Exercise aim –
Retyping all the entries exactly is the whole task.

[Short web captions]
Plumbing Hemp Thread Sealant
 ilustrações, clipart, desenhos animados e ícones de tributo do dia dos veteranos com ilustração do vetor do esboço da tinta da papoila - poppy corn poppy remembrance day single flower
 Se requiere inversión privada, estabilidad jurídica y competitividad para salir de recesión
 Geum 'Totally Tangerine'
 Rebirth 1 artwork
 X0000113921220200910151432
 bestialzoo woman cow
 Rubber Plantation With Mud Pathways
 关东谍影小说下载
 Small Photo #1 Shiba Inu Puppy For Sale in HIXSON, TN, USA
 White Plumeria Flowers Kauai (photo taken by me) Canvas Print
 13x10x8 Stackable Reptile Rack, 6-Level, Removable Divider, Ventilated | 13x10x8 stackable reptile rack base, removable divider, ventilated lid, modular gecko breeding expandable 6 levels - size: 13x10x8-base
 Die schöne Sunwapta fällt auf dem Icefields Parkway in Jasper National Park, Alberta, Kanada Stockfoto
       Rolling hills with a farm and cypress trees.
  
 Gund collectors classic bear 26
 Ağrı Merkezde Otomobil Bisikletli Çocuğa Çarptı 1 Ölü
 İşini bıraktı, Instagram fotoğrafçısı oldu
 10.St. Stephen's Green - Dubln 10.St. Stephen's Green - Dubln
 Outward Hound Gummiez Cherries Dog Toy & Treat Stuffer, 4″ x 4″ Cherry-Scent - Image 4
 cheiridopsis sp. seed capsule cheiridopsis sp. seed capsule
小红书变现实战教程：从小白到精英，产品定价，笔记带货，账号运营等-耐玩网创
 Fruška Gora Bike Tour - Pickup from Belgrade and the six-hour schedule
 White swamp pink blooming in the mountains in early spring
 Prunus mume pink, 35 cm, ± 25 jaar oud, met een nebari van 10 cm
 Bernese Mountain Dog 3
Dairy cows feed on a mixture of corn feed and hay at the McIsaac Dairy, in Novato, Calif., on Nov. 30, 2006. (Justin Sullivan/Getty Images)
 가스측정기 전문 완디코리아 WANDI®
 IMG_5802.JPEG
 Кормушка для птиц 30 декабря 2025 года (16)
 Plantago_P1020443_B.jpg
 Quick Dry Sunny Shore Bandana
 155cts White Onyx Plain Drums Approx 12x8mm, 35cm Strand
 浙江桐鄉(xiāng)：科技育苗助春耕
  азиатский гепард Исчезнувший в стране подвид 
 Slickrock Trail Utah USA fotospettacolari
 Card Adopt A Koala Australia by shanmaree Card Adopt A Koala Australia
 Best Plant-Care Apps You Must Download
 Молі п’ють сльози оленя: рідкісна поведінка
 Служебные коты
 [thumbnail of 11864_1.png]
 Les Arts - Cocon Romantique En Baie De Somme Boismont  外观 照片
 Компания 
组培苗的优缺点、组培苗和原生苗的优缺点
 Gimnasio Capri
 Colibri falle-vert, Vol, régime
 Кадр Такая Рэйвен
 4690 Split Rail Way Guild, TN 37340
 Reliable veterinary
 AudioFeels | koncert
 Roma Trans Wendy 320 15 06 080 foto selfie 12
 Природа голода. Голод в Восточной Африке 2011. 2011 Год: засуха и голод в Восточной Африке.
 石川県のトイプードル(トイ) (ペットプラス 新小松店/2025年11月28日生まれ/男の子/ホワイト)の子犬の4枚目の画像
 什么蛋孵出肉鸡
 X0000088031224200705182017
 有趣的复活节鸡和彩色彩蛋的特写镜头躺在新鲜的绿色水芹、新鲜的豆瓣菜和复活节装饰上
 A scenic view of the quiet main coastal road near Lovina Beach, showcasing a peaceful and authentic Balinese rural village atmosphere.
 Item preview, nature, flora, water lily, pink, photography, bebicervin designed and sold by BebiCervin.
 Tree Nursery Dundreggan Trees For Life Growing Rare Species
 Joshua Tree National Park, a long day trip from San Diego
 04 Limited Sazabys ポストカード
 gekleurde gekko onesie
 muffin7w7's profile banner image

Completed task –
Plumbing Hemp Thread Sealant
 ilustrações, clipart, desenhos animados e ícones de tributo do dia dos veteranos com ilustração do vetor do esboço da tinta da papoila - poppy corn poppy remembrance day single flower
 Se requiere inversión privada, estabilidad jurídica y competitividad para salir de recesión
 Geum 'Totally Tangerine'
 Rebirth 1 artwork
 X0000113921220200910151432
 bestialzoo woman cow
 Rubber Plantation With Mud Pathways
 关东谍影小说下载
 Small Photo #1 Shiba Inu Puppy For Sale in HIXSON, TN, USA
 White Plumeria Flowers Kauai (photo taken by me) Canvas Print
 13x10x8 Stackable Reptile Rack, 6-Level, Removable Divider, Ventilated | 13x10x8 stackable reptile rack base, removable divider, ventilated lid, modular gecko breeding expandable 6 levels - size: 13x10x8-base
 Die schöne Sunwapta fällt auf dem Icefields Parkway in Jasper National Park, Alberta, Kanada Stockfoto
       Rolling hills with a farm and cypress trees.
  
 Gund collectors classic bear 26
 Ağrı Merkezde Otomobil Bisikletli Çocuğa Çarptı 1 Ölü
 İşini bıraktı, Instagram fotoğrafçısı oldu
 10.St. Stephen's Green - Dubln 10.St. Stephen's Green - Dubln
 Outward Hound Gummiez Cherries Dog Toy & Treat Stuffer, 4″ x 4″ Cherry-Scent - Image 4
 cheiridopsis sp. seed capsule cheiridopsis sp. seed capsule
小红书变现实战教程：从小白到精英，产品定价，笔记带货，账号运营等-耐玩网创
 Fruška Gora Bike Tour - Pickup from Belgrade and the six-hour schedule
 White swamp pink blooming in the mountains in early spring
 Prunus mume pink, 35 cm, ± 25 jaar oud, met een nebari van 10 cm
 Bernese Mountain Dog 3
Dairy cows feed on a mixture of corn feed and hay at the McIsaac Dairy, in Novato, Calif., on Nov. 30, 2006. (Justin Sullivan/Getty Images)
 가스측정기 전문 완디코리아 WANDI®
 IMG_5802.JPEG
 Кормушка для птиц 30 декабря 2025 года (16)
 Plantago_P1020443_B.jpg
 Quick Dry Sunny Shore Bandana
 155cts White Onyx Plain Drums Approx 12x8mm, 35cm Strand
 浙江桐鄉(xiāng)：科技育苗助春耕
  азиатский гепард Исчезнувший в стране подвид 
 Slickrock Trail Utah USA fotospettacolari
 Card Adopt A Koala Australia by shanmaree Card Adopt A Koala Australia
 Best Plant-Care Apps You Must Download
 Молі п’ють сльози оленя: рідкісна поведінка
 Служебные коты
 [thumbnail of 11864_1.png]
 Les Arts - Cocon Romantique En Baie De Somme Boismont  外观 照片
 Компания 
组培苗的优缺点、组培苗和原生苗的优缺点
 Gimnasio Capri
 Colibri falle-vert, Vol, régime
 Кадр Такая Рэйвен
 4690 Split Rail Way Guild, TN 37340
 Reliable veterinary
 AudioFeels | koncert
 Roma Trans Wendy 320 15 06 080 foto selfie 12
 Природа голода. Голод в Восточной Африке 2011. 2011 Год: засуха и голод в Восточной Африке.
 石川県のトイプードル(トイ) (ペットプラス 新小松店/2025年11月28日生まれ/男の子/ホワイト)の子犬の4枚目の画像
 什么蛋孵出肉鸡
 X0000088031224200705182017
 有趣的复活节鸡和彩色彩蛋的特写镜头躺在新鲜的绿色水芹、新鲜的豆瓣菜和复活节装饰上
 A scenic view of the quiet main coastal road near Lovina Beach, showcasing a peaceful and authentic Balinese rural village atmosphere.
 Item preview, nature, flora, water lily, pink, photography, bebicervin designed and sold by BebiCervin.
 Tree Nursery Dundreggan Trees For Life Growing Rare Species
 Joshua Tree National Park, a long day trip from San Diego
 04 Limited Sazabys ポストカード
 gekleurde gekko onesie
 muffin7w7's profile banner image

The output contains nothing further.